Ce qu'il faut retenir

  • Les obsèques d’Anicet Ekane, président du Manidem, sont prévues ce samedi 9 mai à Bomono, son village natal.
  • Les familles biologique et politique sont divisées sur l’organisation et le contenu des cérémonies.
  • Muna Ekane, l’un des fils du défunt, a appelé à suspendre les querelles pour l’occasion.

La mort d’Anicet Ekane, survenue récemment, a ravivé les tensions au sein des différentes factions de l’opposition. Selon RFI, l’une des principales sources de discorde porte sur la conduite des cérémonies funéraires, perçues par certains comme un moment de commémoration nationale, tandis que d’autres y voient une opportunité de réaffirmer des positions politiques. Bomono, village d’origine du leader, est situé dans une région où les enjeux identitaires et politiques sont particulièrement sensibles.

Muna Ekane, fils d’Anicet Ekane, a tenté de désamorcer les tensions en publiant un communiqué hier, jeudi 8 mai. Dans ce texte, il a appelé à « taire toutes ces querelles » au moins le temps de l’inhumation, soulignant que ce moment devait rester un hommage à un « héros national ». Cette intervention intervient alors que les désaccords entre les deux familles risquent de perturber le bon déroulement des cérémonies, voire de donner lieu à des incidents.

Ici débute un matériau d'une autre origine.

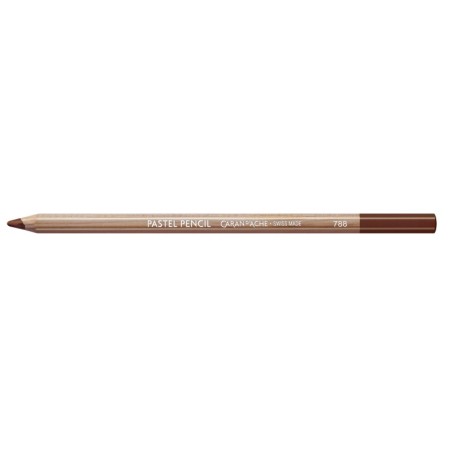 PASTEL PENCIL-BURNT SIENNA-FSC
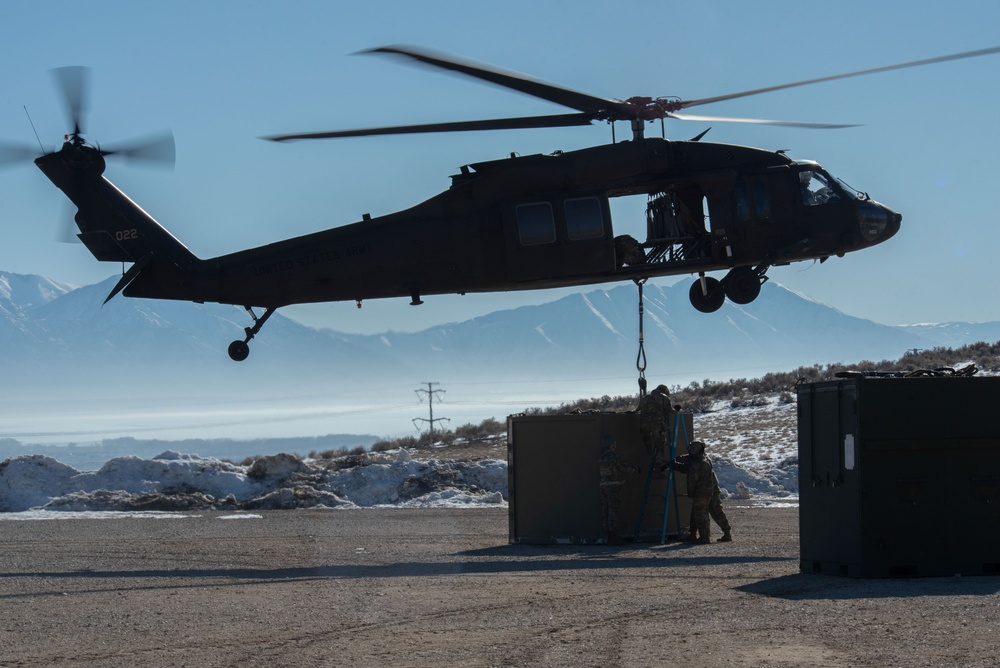 Utah National Guard's Exercise Perses: Innovation, Joint Force Collaboration and the Future of Airpower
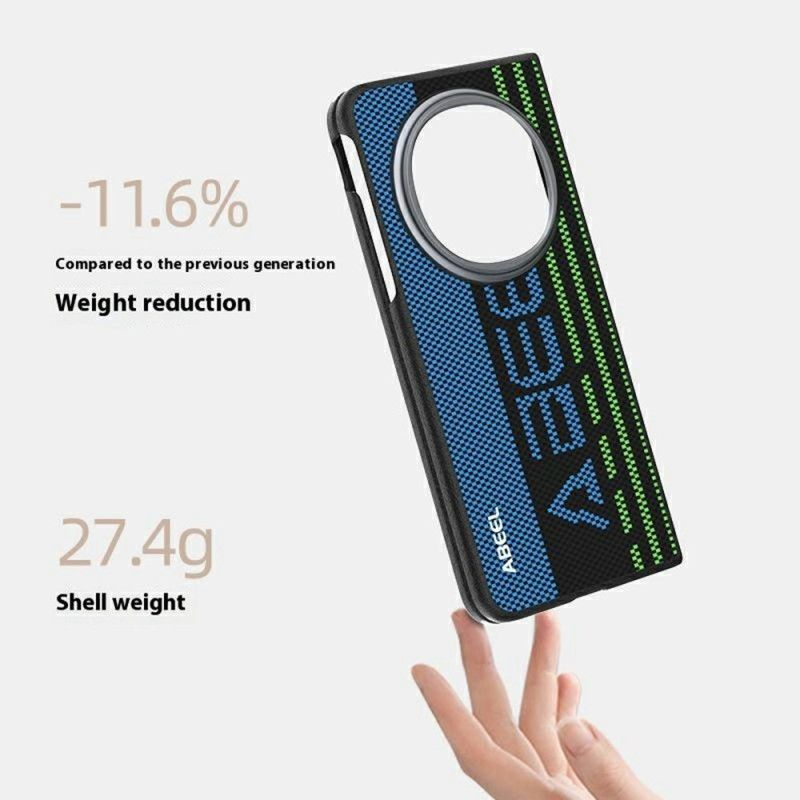 Deksel Oppo Find N5 Abeel N52 Magnetisk Ring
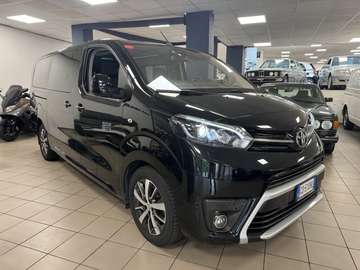 VERSO LUXURY 2.0D 180CV L2 GARANZIA TOYOTA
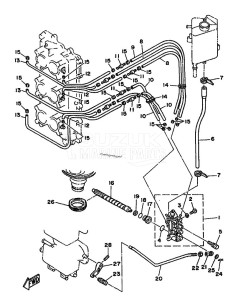 L150CETO drawing OIL-PUMP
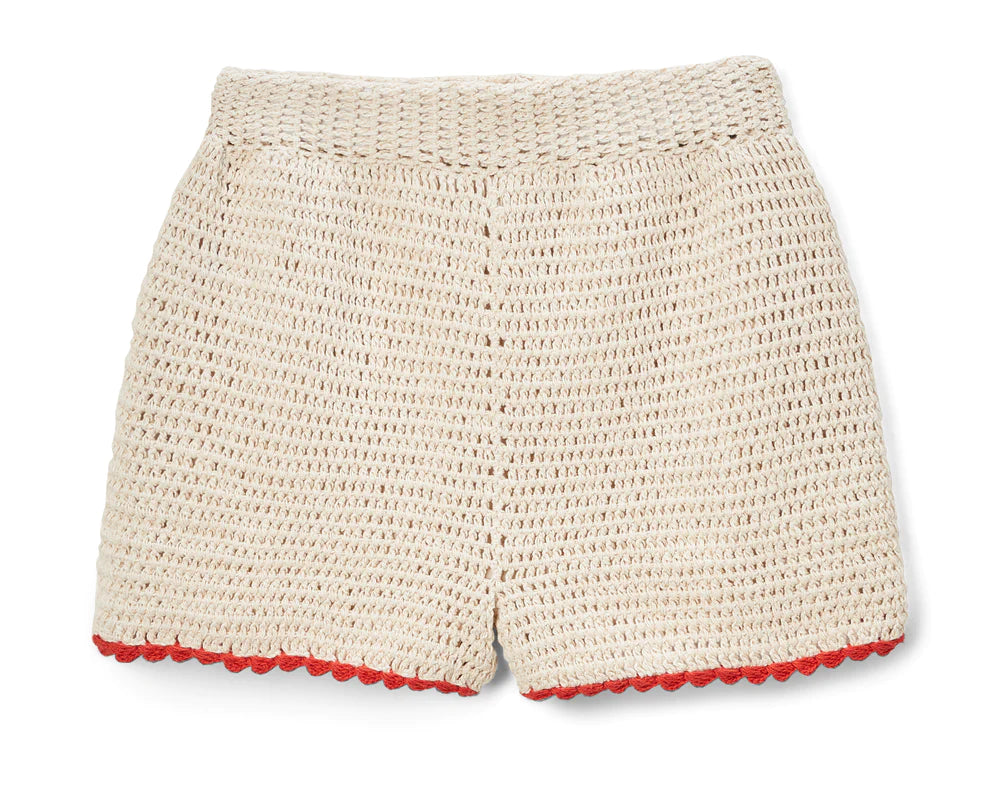 The Ava Short in Natural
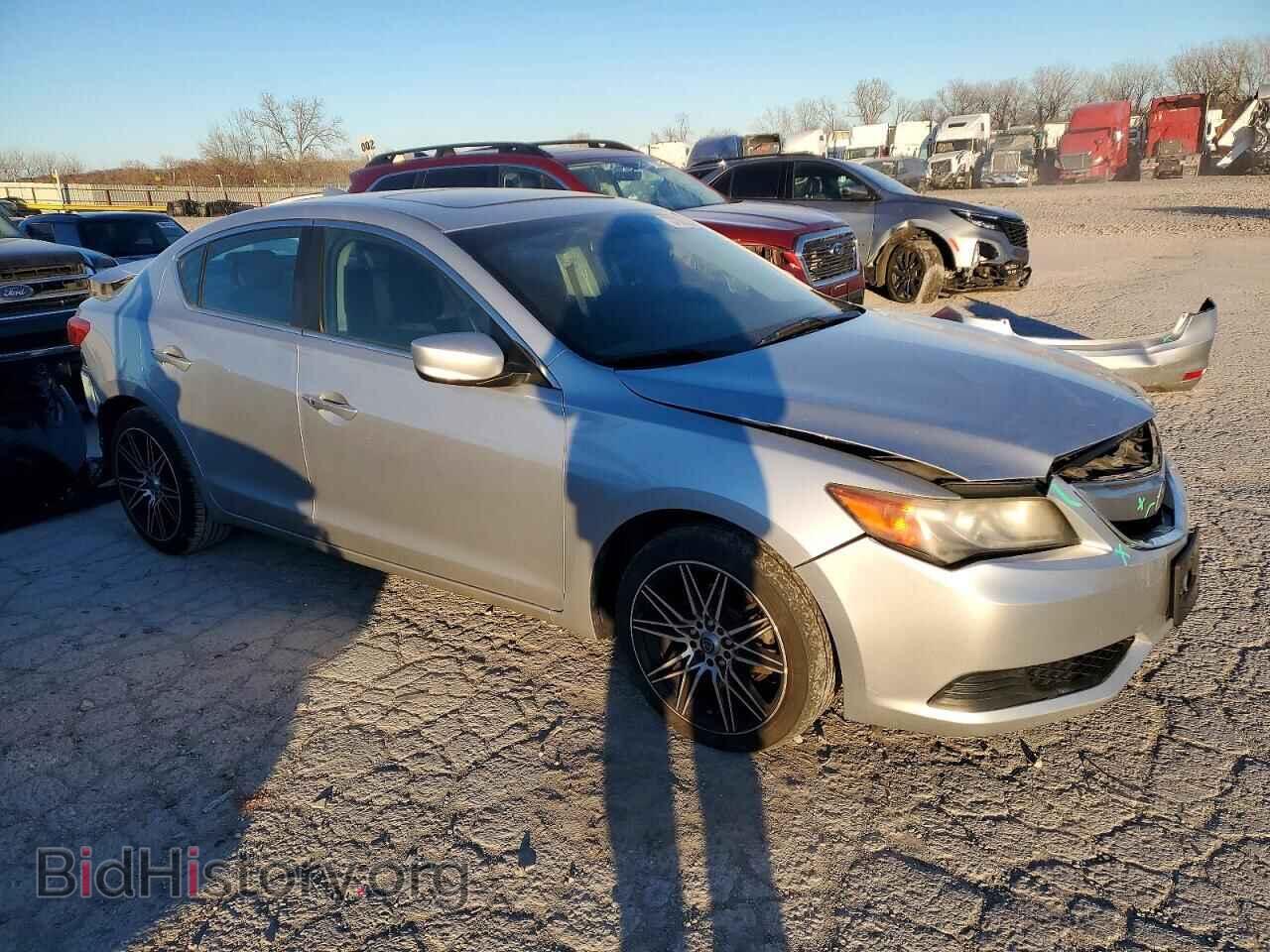 2014 ACURA ILX - VIN: 19VDE1F34EE010290 - Фото 4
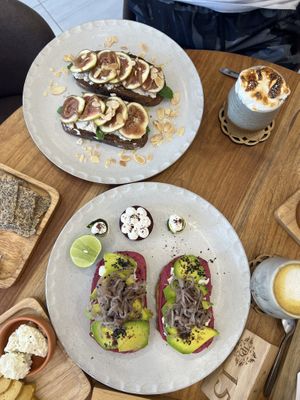   at Deli Devi in Koh Phangan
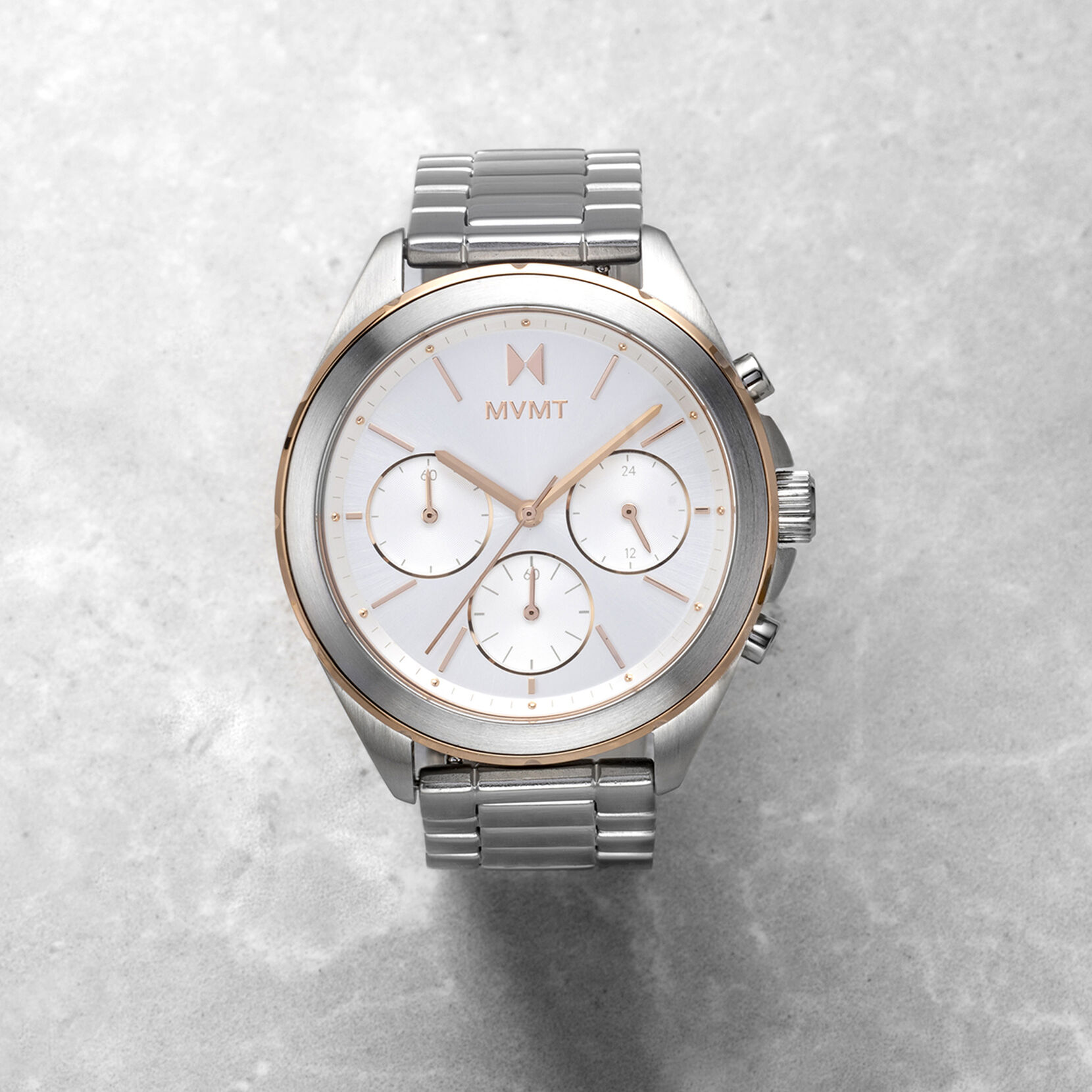 Cape Silver Women's Watch, 39mm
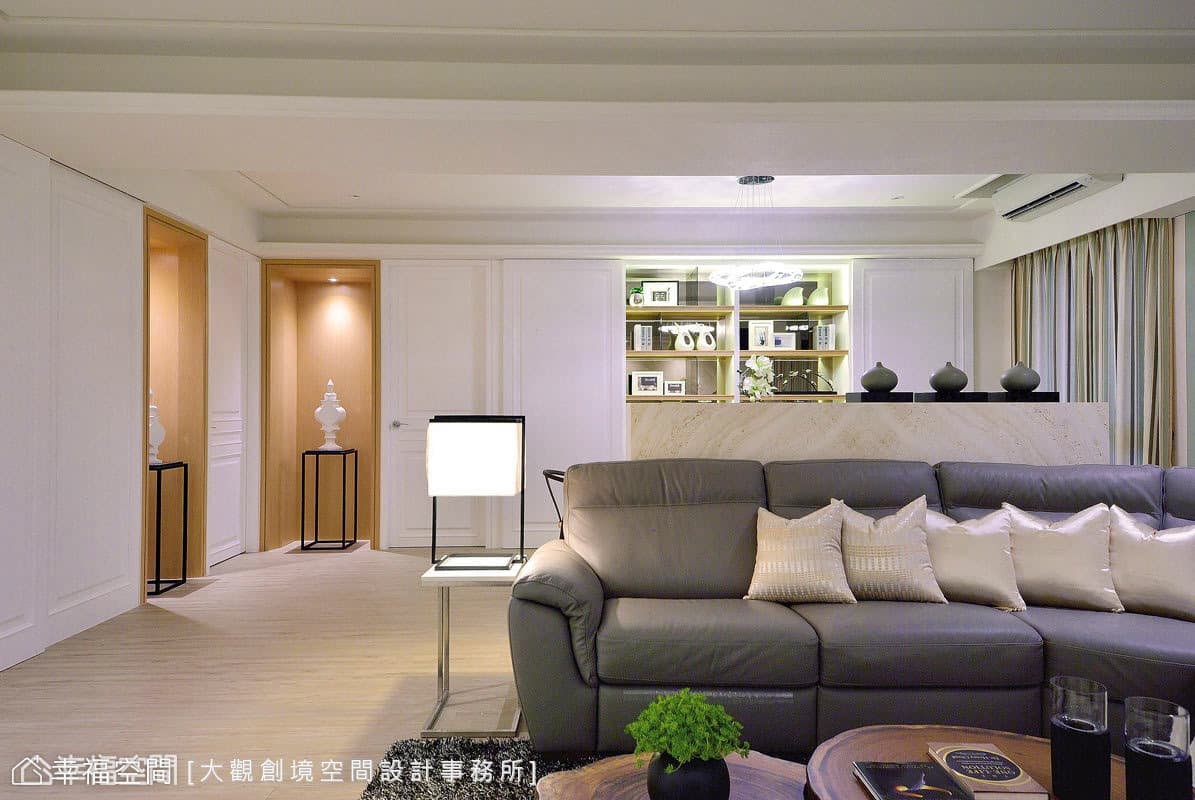人文質韻 家是愛的美術館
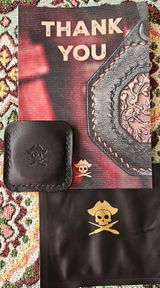 Etsy customer review photo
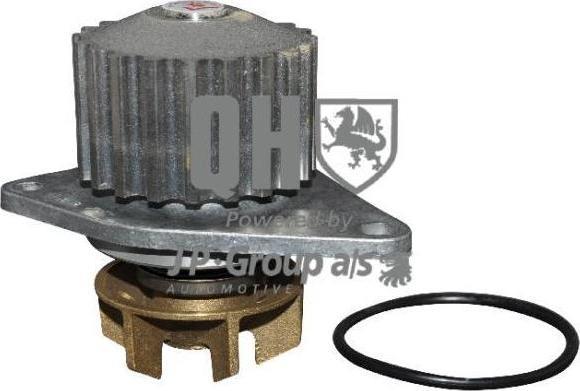 JP 4114100109 водяной насос на PEUGEOT 306 (7B, N3, N5)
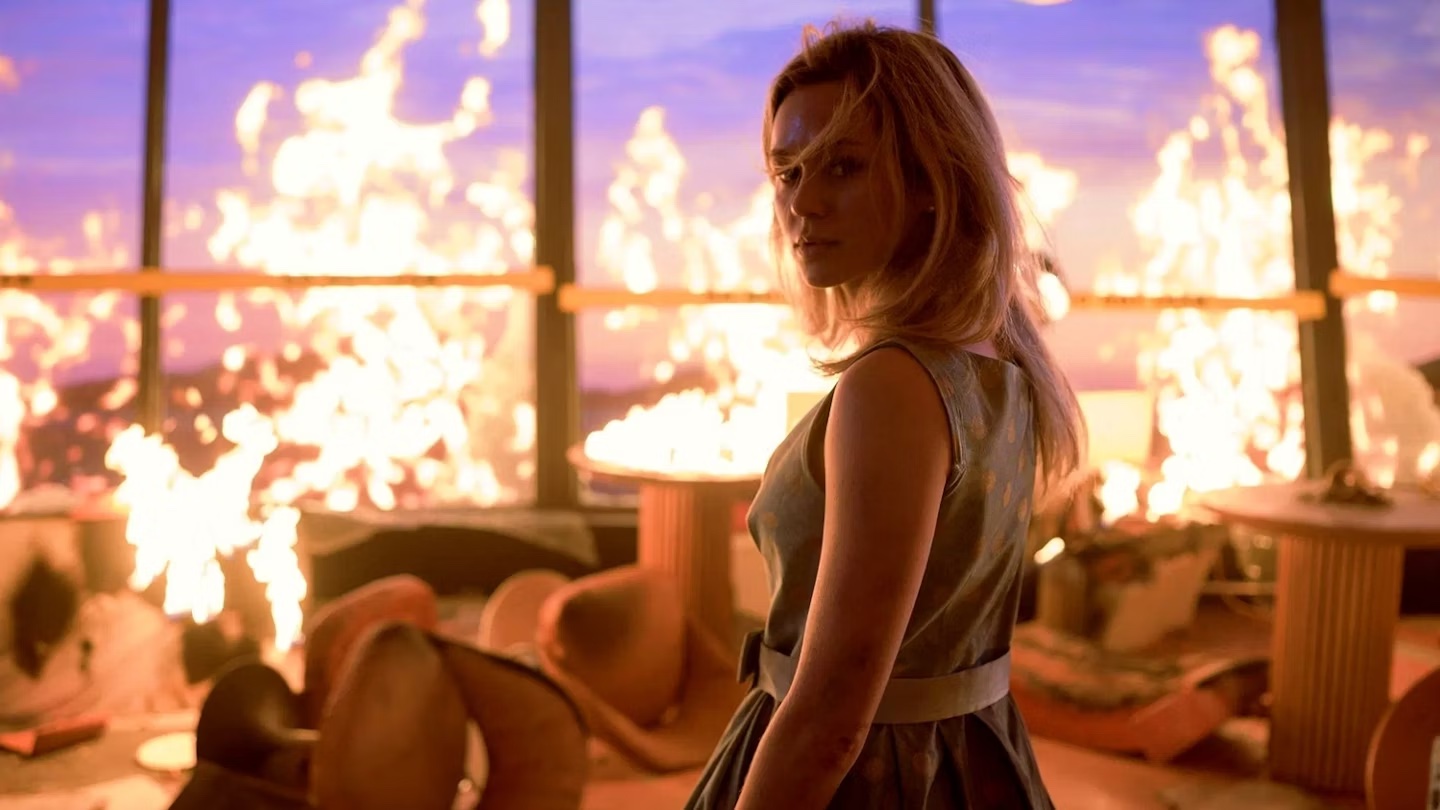 Una scena di Final Destination Bloodlines (fonte: Warner Bros. Pictures)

Le Manidem, parti politique fondé par Anicet Ekane, reste un acteur clé de l’opposition au Cameroun. Son fondateur, disparu dans des circonstances encore floues pour une partie de l’opinion, avait marqué la vie politique nationale par son engagement en faveur d’une gouvernance plus inclusive. Son héritage, désormais au cœur de débats posthumes, pourrait être éclipsé par ces tensions familiales et politiques.

Et maintenant ?

Les obsèques d’Anicet Ekane devraient se tenir dans un climat tendu, malgré l’appel au calme lancé par son fils. Les prochaines heures seront déterminantes pour savoir si les différentes factions parviendront à s’accorder sur le déroulé des cérémonies. Si les tensions persistent, des incidents pourraient éclater lors de la procession ou de l’inhumation, risquant d’alimenter davantage les divisions au sein de l’opposition.

Ces obsèques pourraient également servir de révélateur pour le Manidem, déjà fragilisé par la disparition de son leader. La capacité du parti à se réorganiser et à maintenir son unité sera un test pour son avenir politique. Par ailleurs, cet événement met en lumière les défis auxquels fait face l’opposition camerounaise, souvent divisée et minée par des querelles internes.

Les tensions portent principalement sur l’organisation des cérémonies et le contenu des hommages à rendre au défunt. Certains souhaitent une commémoration nationale, tandis que d’autres y voient un moment de réaffirmation politique, ce qui crée des divergences entre les familles biologique et politique.